++++ PROVIDED DATA

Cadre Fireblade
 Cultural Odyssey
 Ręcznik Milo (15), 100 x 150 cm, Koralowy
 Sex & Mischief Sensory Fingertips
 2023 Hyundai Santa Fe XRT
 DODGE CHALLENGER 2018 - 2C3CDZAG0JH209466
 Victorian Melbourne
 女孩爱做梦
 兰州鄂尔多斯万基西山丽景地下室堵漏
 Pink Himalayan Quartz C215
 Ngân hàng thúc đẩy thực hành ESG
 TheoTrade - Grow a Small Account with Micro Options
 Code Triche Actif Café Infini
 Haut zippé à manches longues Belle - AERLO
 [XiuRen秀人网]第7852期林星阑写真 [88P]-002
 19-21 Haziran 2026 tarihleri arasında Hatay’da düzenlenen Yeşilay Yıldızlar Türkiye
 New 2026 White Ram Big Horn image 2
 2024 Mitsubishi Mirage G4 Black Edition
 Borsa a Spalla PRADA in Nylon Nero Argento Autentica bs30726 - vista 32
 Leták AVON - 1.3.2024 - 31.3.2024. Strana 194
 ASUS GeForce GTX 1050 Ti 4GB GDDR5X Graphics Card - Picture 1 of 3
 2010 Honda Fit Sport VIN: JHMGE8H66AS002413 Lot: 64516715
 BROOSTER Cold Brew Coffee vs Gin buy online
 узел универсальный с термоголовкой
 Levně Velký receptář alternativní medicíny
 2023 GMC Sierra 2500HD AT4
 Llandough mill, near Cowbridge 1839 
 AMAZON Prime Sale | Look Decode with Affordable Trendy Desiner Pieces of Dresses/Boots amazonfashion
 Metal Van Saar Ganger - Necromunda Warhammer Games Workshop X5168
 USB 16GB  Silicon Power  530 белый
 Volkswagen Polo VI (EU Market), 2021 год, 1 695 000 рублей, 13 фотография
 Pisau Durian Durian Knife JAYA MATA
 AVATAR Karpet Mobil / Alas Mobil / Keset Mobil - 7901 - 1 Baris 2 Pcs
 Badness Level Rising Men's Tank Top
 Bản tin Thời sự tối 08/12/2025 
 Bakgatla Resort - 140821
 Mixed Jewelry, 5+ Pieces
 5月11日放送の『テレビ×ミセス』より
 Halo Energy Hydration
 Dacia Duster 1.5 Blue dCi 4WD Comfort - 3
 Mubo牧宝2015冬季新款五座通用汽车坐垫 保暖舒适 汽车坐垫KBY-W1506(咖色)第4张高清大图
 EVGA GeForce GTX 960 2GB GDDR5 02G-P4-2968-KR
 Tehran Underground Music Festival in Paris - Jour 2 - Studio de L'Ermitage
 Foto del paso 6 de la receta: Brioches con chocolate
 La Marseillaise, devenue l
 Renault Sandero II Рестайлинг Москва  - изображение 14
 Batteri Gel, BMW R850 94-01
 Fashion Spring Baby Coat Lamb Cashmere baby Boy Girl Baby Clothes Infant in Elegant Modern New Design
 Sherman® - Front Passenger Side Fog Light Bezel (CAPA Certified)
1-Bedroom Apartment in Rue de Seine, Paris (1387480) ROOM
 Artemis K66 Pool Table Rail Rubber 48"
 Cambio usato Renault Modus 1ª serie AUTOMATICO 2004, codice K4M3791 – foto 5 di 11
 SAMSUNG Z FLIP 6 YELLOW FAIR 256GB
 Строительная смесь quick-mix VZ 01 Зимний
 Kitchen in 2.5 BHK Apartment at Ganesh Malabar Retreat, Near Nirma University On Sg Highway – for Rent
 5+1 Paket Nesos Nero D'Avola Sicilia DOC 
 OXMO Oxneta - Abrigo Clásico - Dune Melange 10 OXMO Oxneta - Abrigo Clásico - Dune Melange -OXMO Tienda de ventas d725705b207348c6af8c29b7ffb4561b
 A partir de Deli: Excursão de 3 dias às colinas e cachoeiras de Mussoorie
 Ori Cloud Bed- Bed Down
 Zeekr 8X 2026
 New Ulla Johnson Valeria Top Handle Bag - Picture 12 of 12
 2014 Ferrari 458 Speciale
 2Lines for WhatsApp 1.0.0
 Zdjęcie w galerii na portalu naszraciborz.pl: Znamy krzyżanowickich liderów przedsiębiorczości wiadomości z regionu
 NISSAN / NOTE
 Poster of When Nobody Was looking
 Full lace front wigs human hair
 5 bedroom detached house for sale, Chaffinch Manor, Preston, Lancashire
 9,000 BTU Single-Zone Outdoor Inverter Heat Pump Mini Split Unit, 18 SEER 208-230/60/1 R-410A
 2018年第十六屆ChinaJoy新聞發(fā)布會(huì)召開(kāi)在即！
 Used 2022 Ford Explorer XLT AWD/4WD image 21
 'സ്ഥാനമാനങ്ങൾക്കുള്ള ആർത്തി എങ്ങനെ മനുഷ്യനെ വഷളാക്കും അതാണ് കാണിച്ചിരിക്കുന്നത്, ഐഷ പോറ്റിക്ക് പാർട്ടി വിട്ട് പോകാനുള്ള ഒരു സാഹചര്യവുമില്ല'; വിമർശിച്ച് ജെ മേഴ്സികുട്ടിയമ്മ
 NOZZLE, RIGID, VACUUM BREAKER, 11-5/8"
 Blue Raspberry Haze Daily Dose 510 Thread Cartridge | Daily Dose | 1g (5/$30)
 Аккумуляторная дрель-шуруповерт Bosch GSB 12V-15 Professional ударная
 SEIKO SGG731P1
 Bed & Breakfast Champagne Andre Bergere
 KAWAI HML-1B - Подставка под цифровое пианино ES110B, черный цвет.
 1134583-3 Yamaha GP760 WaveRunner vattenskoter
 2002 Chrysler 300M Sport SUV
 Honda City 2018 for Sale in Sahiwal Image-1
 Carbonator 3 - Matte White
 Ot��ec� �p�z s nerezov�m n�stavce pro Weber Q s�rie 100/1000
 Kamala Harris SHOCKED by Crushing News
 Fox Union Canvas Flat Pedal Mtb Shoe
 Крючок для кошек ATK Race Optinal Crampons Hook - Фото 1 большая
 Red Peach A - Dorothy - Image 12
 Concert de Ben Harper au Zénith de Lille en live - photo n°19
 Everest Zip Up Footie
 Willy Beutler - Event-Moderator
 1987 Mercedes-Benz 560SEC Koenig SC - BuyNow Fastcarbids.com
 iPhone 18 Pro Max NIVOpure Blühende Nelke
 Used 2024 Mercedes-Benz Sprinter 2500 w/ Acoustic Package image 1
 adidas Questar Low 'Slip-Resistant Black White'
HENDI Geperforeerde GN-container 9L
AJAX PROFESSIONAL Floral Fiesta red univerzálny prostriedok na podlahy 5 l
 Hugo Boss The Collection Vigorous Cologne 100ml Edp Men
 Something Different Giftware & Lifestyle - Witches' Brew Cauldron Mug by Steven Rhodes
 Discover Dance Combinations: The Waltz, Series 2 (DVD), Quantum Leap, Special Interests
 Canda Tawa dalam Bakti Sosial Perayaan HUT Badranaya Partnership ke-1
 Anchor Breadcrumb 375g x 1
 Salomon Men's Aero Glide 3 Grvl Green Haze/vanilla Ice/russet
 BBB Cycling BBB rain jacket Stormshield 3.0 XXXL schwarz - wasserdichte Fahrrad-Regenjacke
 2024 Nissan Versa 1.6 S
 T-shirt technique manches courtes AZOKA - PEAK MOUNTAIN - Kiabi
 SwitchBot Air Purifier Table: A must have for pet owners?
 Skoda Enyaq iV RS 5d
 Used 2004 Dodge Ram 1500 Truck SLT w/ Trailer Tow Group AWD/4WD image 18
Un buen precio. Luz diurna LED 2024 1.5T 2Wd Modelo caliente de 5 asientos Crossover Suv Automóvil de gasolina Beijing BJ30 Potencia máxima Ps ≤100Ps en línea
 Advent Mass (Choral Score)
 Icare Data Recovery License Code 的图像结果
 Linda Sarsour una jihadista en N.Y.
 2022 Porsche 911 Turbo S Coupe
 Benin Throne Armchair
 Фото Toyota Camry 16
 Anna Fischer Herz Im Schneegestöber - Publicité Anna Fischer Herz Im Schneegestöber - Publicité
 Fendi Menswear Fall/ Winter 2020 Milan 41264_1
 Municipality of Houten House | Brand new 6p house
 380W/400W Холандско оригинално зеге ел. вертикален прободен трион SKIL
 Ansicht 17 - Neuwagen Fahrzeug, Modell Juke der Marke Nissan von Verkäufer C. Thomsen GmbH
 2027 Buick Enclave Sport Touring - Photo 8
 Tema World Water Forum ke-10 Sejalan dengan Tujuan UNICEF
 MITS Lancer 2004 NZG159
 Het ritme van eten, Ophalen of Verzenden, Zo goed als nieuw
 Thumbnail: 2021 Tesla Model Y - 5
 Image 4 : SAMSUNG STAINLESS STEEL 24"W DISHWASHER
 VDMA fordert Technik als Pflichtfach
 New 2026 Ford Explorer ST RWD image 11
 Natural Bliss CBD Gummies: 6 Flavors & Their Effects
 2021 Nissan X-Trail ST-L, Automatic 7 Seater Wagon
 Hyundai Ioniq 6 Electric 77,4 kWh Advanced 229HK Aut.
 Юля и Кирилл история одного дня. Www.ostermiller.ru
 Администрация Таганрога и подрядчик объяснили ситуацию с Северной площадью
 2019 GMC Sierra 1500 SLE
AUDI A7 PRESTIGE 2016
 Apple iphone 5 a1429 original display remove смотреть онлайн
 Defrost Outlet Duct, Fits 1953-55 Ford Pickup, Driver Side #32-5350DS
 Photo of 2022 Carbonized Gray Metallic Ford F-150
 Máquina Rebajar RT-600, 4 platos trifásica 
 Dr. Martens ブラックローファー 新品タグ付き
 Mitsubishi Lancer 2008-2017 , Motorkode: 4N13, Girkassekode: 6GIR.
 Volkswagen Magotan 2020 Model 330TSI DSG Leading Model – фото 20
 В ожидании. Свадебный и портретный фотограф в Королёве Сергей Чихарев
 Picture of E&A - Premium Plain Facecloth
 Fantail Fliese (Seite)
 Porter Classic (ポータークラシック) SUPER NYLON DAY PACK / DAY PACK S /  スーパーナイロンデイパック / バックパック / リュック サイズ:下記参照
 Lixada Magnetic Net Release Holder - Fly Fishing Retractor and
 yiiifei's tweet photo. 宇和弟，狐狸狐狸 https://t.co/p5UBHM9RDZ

++++++++

- _YOUR TASK_:
An exact copy of the lines above between the line holding "9,000 BTU Single-Zone" and the line holding "adidas Questar Low", inclusive, is the whole answer.

- _RESPONSE AREA_:
 9,000 BTU Single-Zone Outdoor Inverter Heat Pump Mini Split Unit, 18 SEER 208-230/60/1 R-410A
 2018年第十六屆ChinaJoy新聞發(fā)布會(huì)召開(kāi)在即！
 Used 2022 Ford Explorer XLT AWD/4WD image 21
 'സ്ഥാനമാനങ്ങൾക്കുള്ള ആർത്തി എങ്ങനെ മനുഷ്യനെ വഷളാക്കും അതാണ് കാണിച്ചിരിക്കുന്നത്, ഐഷ പോറ്റിക്ക് പാർട്ടി വിട്ട് പോകാനുള്ള ഒരു സാഹചര്യവുമില്ല'; വിമർശിച്ച് ജെ മേഴ്സികുട്ടിയമ്മ
 NOZZLE, RIGID, VACUUM BREAKER, 11-5/8"
 Blue Raspberry Haze Daily Dose 510 Thread Cartridge | Daily Dose | 1g (5/$30)
 Аккумуляторная дрель-шуруповерт Bosch GSB 12V-15 Professional ударная
 SEIKO SGG731P1
 Bed & Breakfast Champagne Andre Bergere
 KAWAI HML-1B - Подставка под цифровое пианино ES110B, черный цвет.
 1134583-3 Yamaha GP760 WaveRunner vattenskoter
 2002 Chrysler 300M Sport SUV
 Honda City 2018 for Sale in Sahiwal Image-1
 Carbonator 3 - Matte White
 Ot��ec� �p�z s nerezov�m n�stavce pro Weber Q s�rie 100/1000
 Kamala Harris SHOCKED by Crushing News
 Fox Union Canvas Flat Pedal Mtb Shoe
 Крючок для кошек ATK Race Optinal Crampons Hook - Фото 1 большая
 Red Peach A - Dorothy - Image 12
 Concert de Ben Harper au Zénith de Lille en live - photo n°19
 Everest Zip Up Footie
 Willy Beutler - Event-Moderator
 1987 Mercedes-Benz 560SEC Koenig SC - BuyNow Fastcarbids.com
 iPhone 18 Pro Max NIVOpure Blühende Nelke
 Used 2024 Mercedes-Benz Sprinter 2500 w/ Acoustic Package image 1
 adidas Questar Low 'Slip-Resistant Black White'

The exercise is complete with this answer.